=== Provided data ===

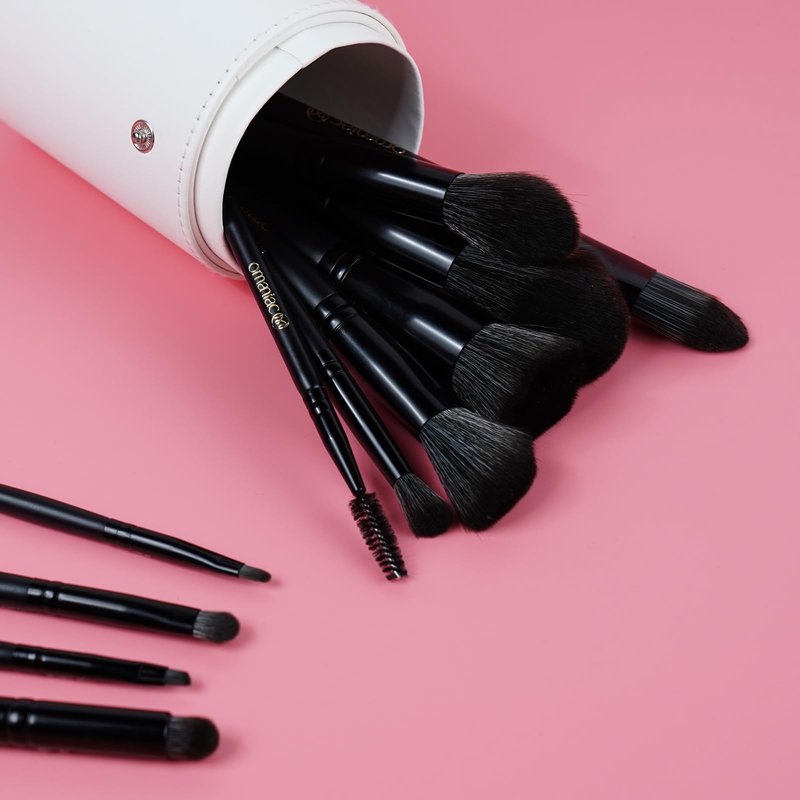 OMANIAC Makeup Brush Set Professional, 20Pcs Pearlescent Wood Handle Makeup Brushes, Premium Cruelty-Free Synthetic Fiber Hair, Travel Make up Brushes Set with Case (Bright Silver)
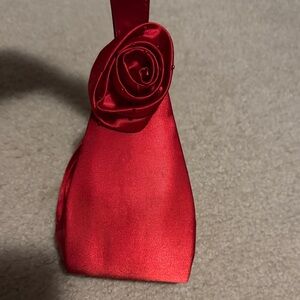 Elegant red satin clutch bag with Rose Details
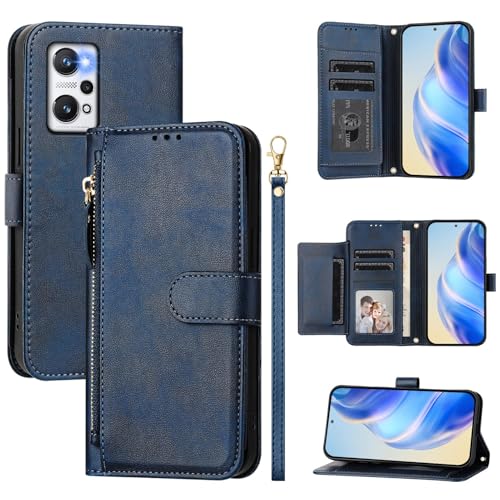 Kukoufey Compatible with Realme GT2 5G Phone Case Holster,Compatible with Realme GT NEO 3T,Compatible with Realme GT2 5G RMX3310 / GT Neo2 5G RMX3370 Flip PU Leather Zipper Wallet Case Case Blue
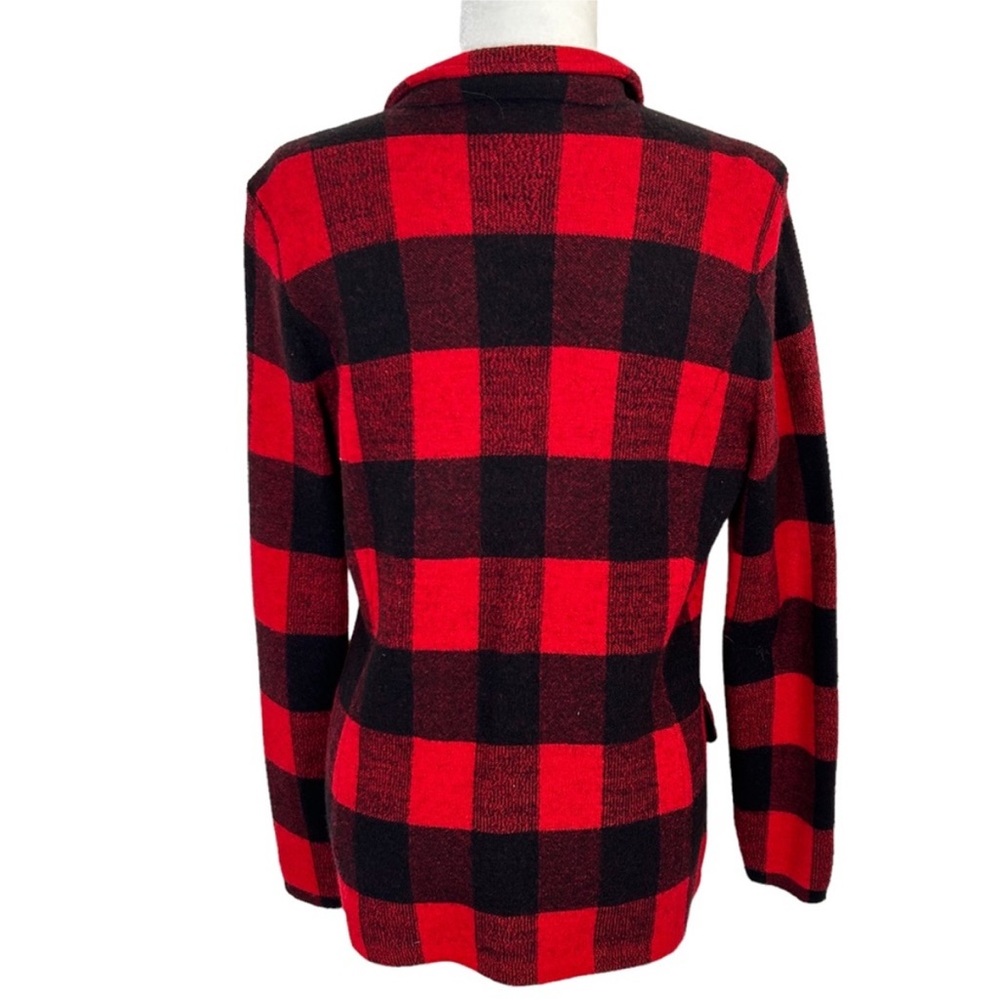 Ralph Lauren Buffalo Check Plaid Wool Knit Sweater Blazer Jacket Crest Rugby Lg - Picture 6 of 13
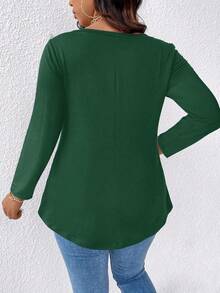 EMERY ROSE Áo thun tay dài cổ chữ V trơn cỡ lớn cho mùa xuân - màu xanh lá - Xem 2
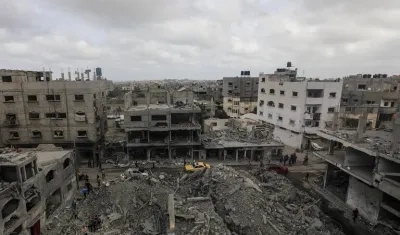 Franja de Gaza tras ataques en la guerra.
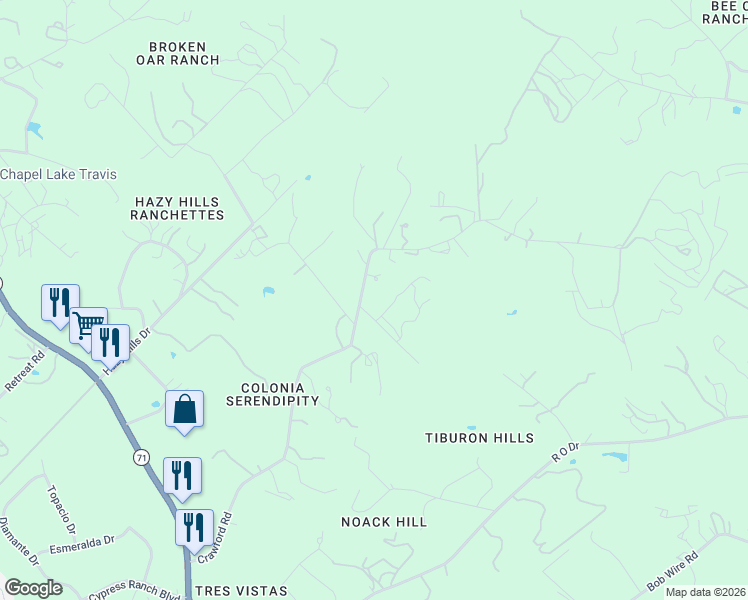 map of restaurants, bars, coffee shops, grocery stores, and more near 3701 Crawford Road in Spicewood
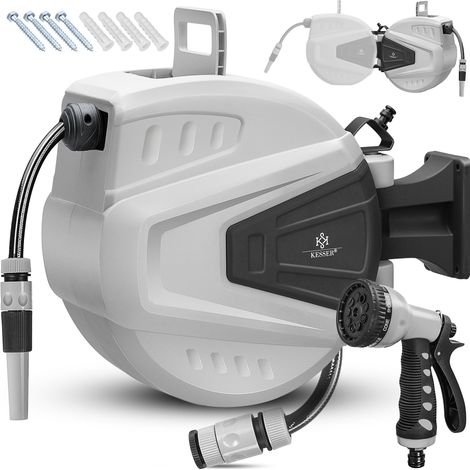 KESSER® Schlauchtrommel Wasser Schlauchaufroller Inkl. 2-Wege-Verteiler + Multi-Handbrause Wasserschlauchtrommel Automatik 180° Schwenkbar Wandhalterung Grau / 15 Meter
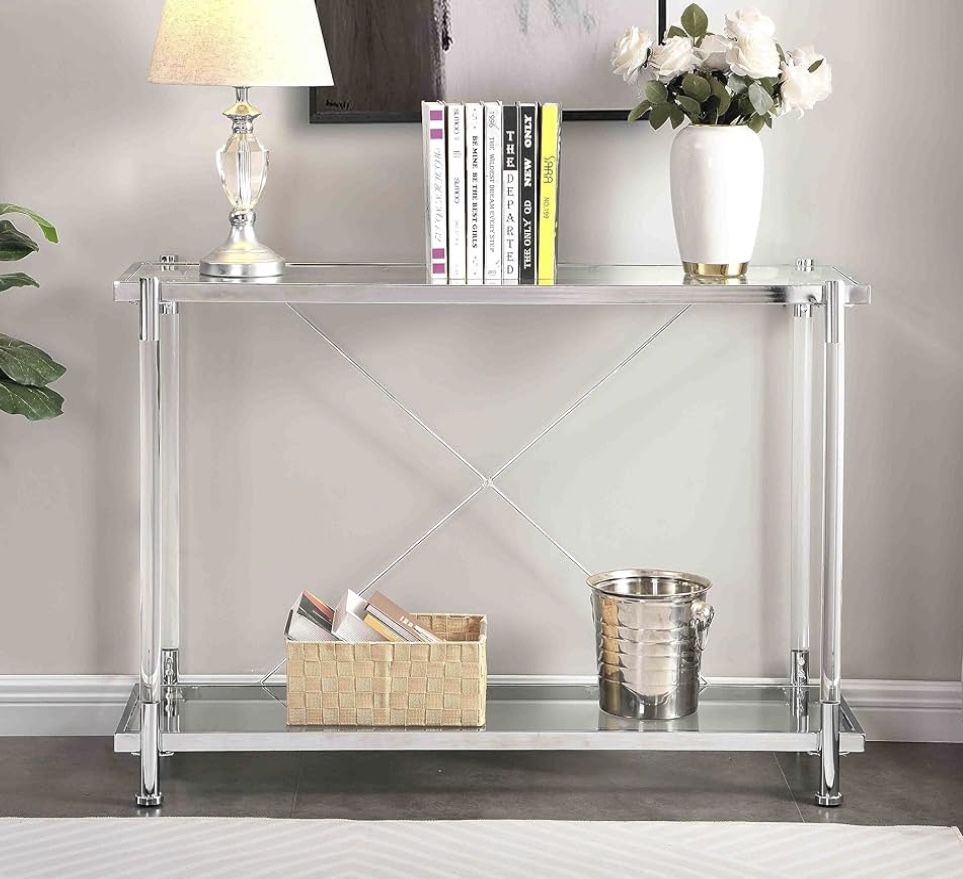 Angel Sar 43" Narrow Sofa Table, Console Table, Acrylic Glass Side Table for Hallway, Entryway, Living Room,Silver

===

* _Problem details_
Give every line above again exactly, with no pictures.

* _Answer_
 OMANIAC Makeup Brush Set Professional, 20Pcs Pearlescent Wood Handle Makeup Brushes, Premium Cruelty-Free Synthetic Fiber Hair, Travel Make up Brushes Set with Case (Bright Silver)
 Elegant red satin clutch bag with Rose Details
 Kukoufey Compatible with Realme GT2 5G Phone Case Holster,Compatible with Realme GT NEO 3T,Compatible with Realme GT2 5G RMX3310 / GT Neo2 5G RMX3370 Flip PU Leather Zipper Wallet Case Case Blue
 Ralph Lauren Buffalo Check Plaid Wool Knit Sweater Blazer Jacket Crest Rugby Lg - Picture 6 of 13
 EMERY ROSE Áo thun tay dài cổ chữ V trơn cỡ lớn cho mùa xuân - màu xanh lá - Xem 2
 Franja de Gaza tras ataques en la guerra.
 map of restaurants, bars, coffee shops, grocery stores, and more near 3701 Crawford Road in Spicewood
 KESSER® Schlauchtrommel Wasser Schlauchaufroller Inkl. 2-Wege-Verteiler + Multi-Handbrause Wasserschlauchtrommel Automatik 180° Schwenkbar Wandhalterung Grau / 15 Meter
 Angel Sar 43" Narrow Sofa Table, Console Table, Acrylic Glass Side Table for Hallway, Entryway, Living Room,Silver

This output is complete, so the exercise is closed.